Under the Securities and Exchange Commission’s “safe harbor” rule, securities law whistleblowers can receive awards even if they submit their information to another agency, as long as they submit it to the SEC within 120 days. When they do so, the SEC will treat the information as if it had been submitted properly in the first place.

In the first-ever award under the rule, the SEC has just issued an award of $2.2 million to a whistleblower who originally made a report to another federal agency. That agency referred the matter to the SEC — and the whistleblower provided the same information to the SEC within the 120-day window. The information led to an investigation, to which the whistleblower provided “substantial cooperation” and which led to an enforcement action.

“This award shows that whistleblowers can still receive an award if they first report to another agency, as long as they also report their information to the SEC within the 120-day safe harbor period and their information otherwise meets the eligibility criteria for an award,” said a spokesperson for the SEC’s Office of the Whistleblower.

The SEC issued its first whistleblower award in 2012. Since then 54 whistleblowers have been awarded over $264 million, which is paid out of an investor protection fund financed completely by sanctions paid by securities law violators.

Securities law whistleblowers who provide high-quality, original information to the SEC can receive an award when the information leads to an enforcement action and over $1,000,000 in sanctions is ordered. These awards range from 10 to 30 percent of any money collected.

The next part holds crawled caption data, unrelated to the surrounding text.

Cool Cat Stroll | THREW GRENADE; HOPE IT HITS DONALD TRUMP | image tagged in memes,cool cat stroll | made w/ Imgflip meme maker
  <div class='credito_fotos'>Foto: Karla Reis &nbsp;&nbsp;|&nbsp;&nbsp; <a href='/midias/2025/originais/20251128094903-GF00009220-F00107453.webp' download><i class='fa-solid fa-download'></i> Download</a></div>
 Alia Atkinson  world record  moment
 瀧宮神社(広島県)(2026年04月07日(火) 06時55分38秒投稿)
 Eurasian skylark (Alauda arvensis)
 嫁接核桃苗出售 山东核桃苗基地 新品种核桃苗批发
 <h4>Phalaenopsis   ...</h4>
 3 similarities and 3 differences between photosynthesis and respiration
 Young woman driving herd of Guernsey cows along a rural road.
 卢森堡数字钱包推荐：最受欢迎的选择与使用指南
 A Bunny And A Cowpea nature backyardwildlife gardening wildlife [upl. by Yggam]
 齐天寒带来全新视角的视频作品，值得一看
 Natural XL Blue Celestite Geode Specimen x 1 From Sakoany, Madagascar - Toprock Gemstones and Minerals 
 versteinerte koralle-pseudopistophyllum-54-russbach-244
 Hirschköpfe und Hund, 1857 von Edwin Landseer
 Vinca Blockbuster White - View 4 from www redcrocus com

Blowing the whistle is not something that should be taken lightly, however. Although retaliation is protected by provisions of the Dodd-Frank and Sarbanes-Oxley acts, it can still be a real threat. If you are considering blowing the whistle on securities fraud or another issue, working with an attorney familiar with whistleblower protection can help you minimize the risk of retaliation and ensure you have submitted your information correctly.